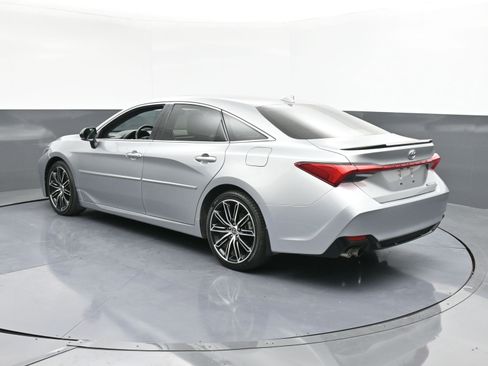 Used 2022 Toyota Avalon Touring image 6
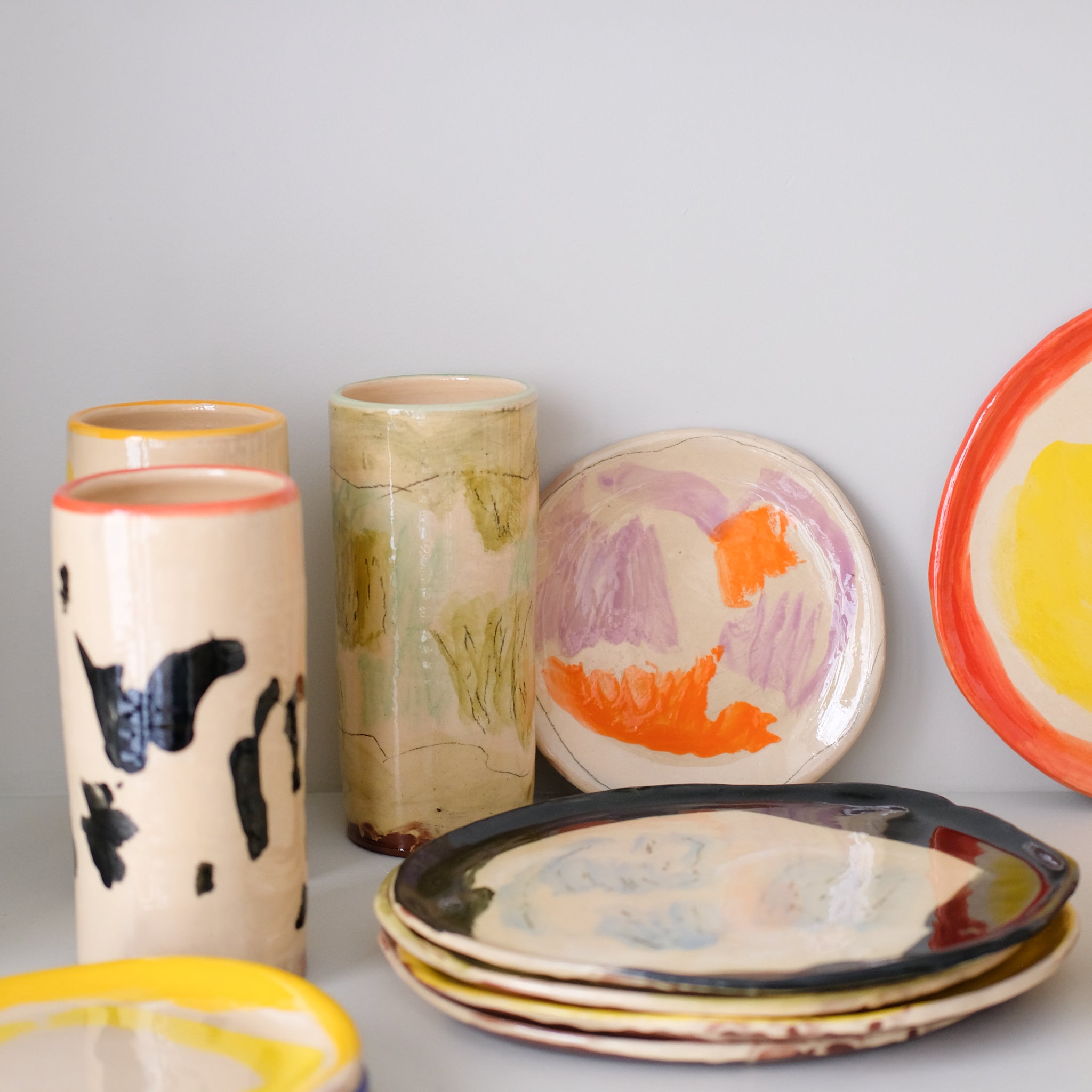 Assiette SU26HB01 en faïence rouge D 19,5cm - Multicolore d'Héloise Bariol chez Brutal Ceramics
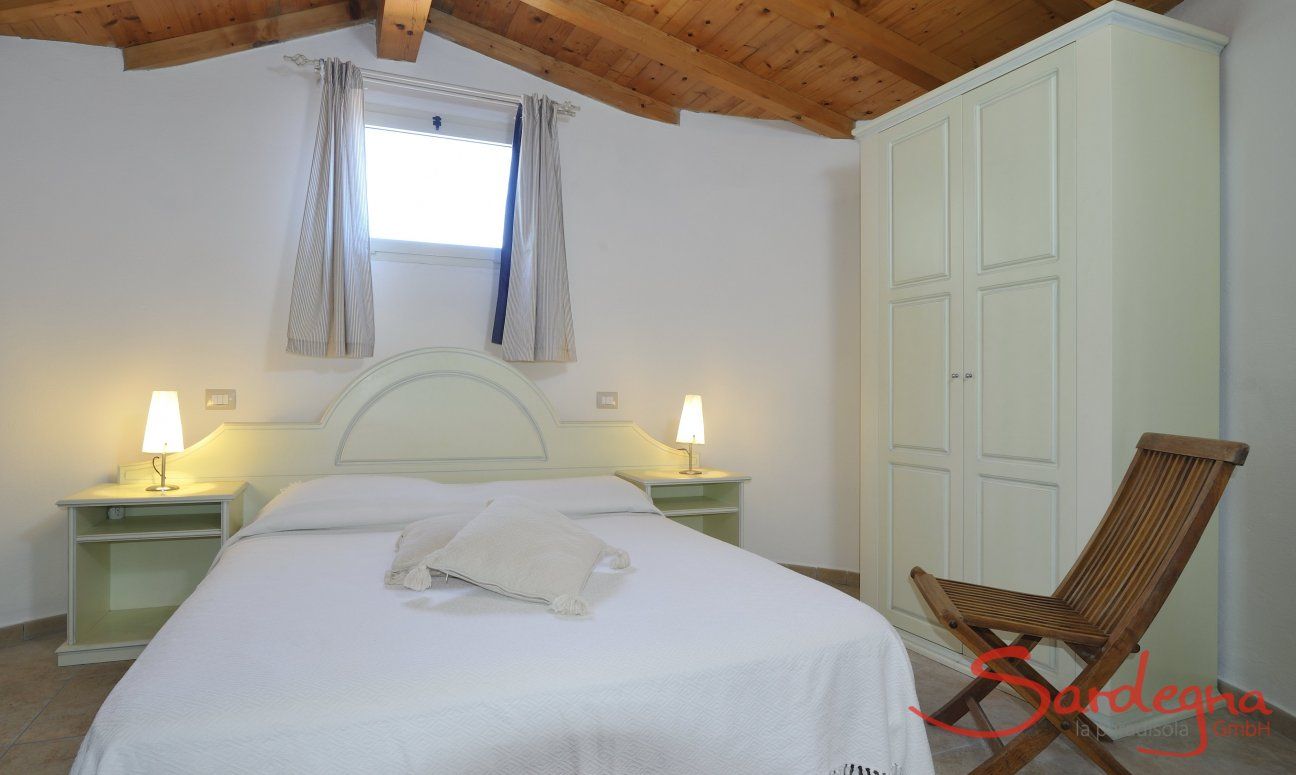 App. Pino | Camera da letto spaziosa con letto matrimoniale Camera da letto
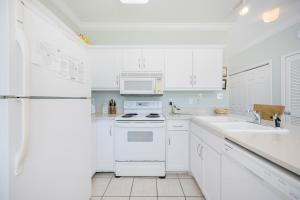 Romar Lakes 103E condo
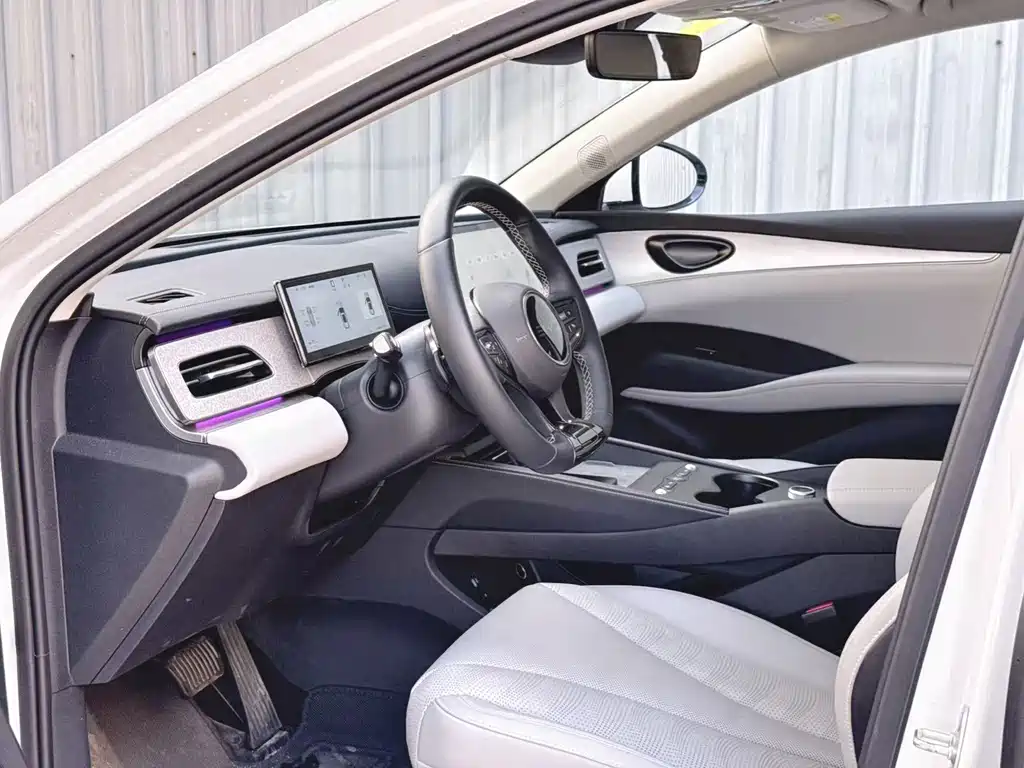 BYD Seals 06 DM-i версия для путешествий — миниатюра 5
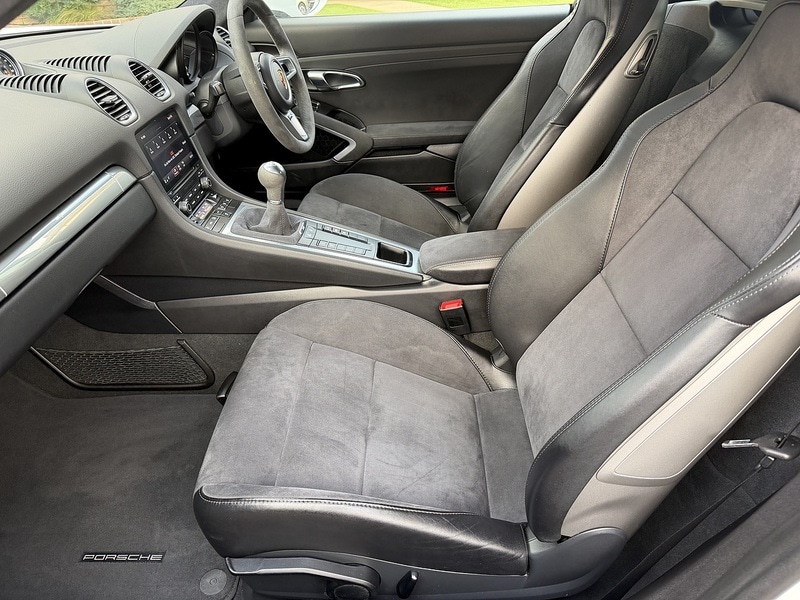 Used Porsche Cayman 2018 for sale - 77264100: Photo 25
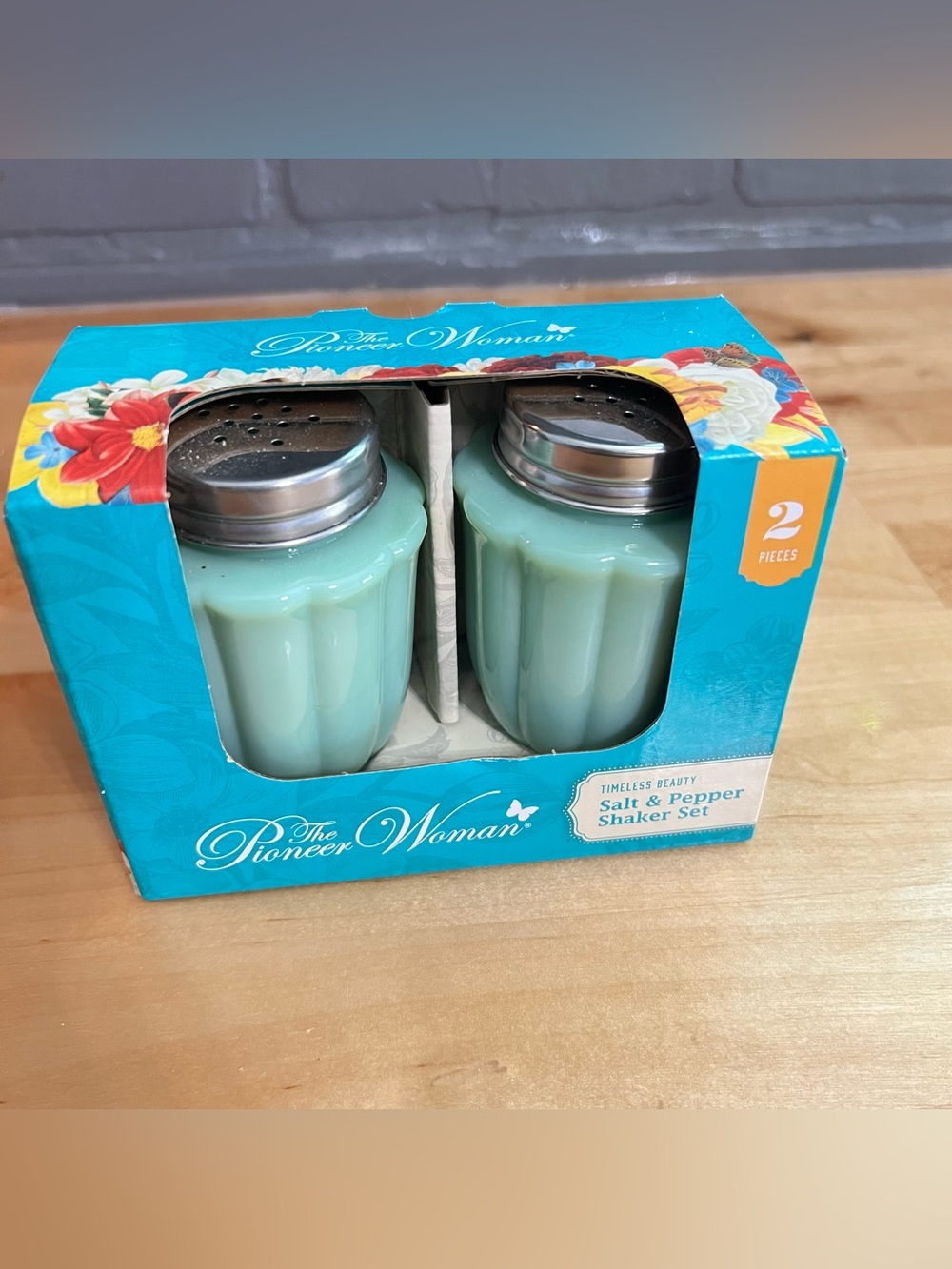 New in Box The Pioneer Woman Timeless Beauty Jade Green Milk Glass Salt & Pepper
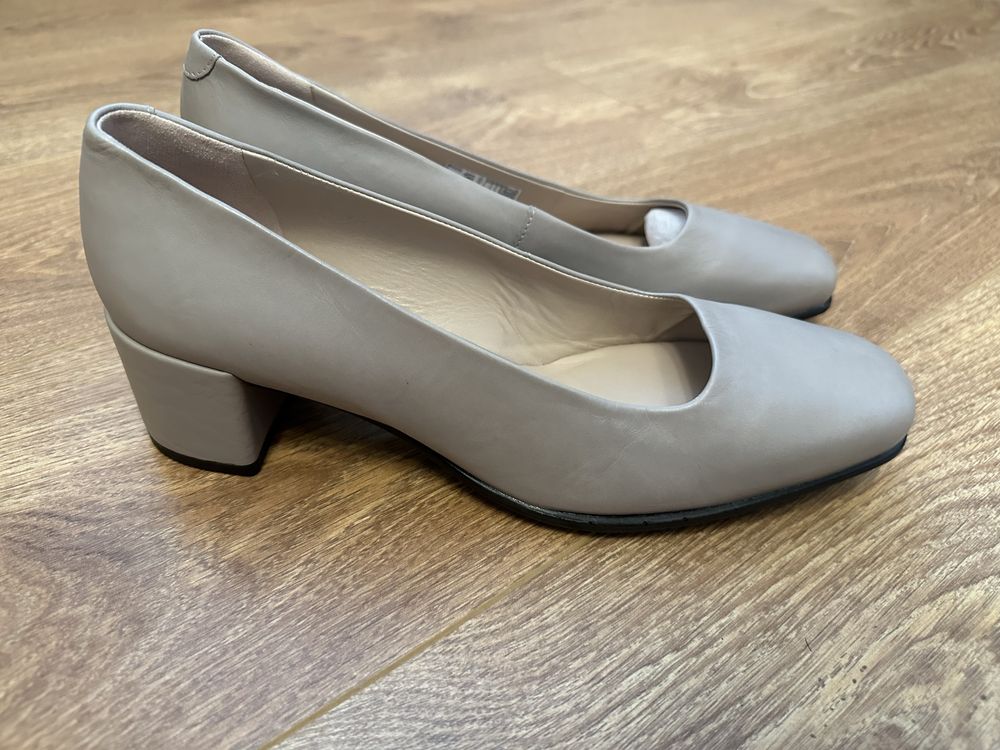 Жіночі класичні туфлі ЕССО shape, розмір 40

-=-=-

What to work on: The listing above must be repeated exactly. Its pictures are not part of the copy.

Answer box:
 Used 2022 Toyota Avalon Touring image 6
 Assiette SU26HB01 en faïence rouge D 19,5cm - Multicolore d'Héloise Bariol chez Brutal Ceramics
 App. Pino | Camera da letto spaziosa con letto matrimoniale Camera da letto
 Romar Lakes 103E condo
 BYD Seals 06 DM-i версия для путешествий — миниатюра 5
 Used Porsche Cayman 2018 for sale - 77264100: Photo 25
 New in Box The Pioneer Woman Timeless Beauty Jade Green Milk Glass Salt & Pepper
 Жіночі класичні туфлі ЕССО shape, розмір 40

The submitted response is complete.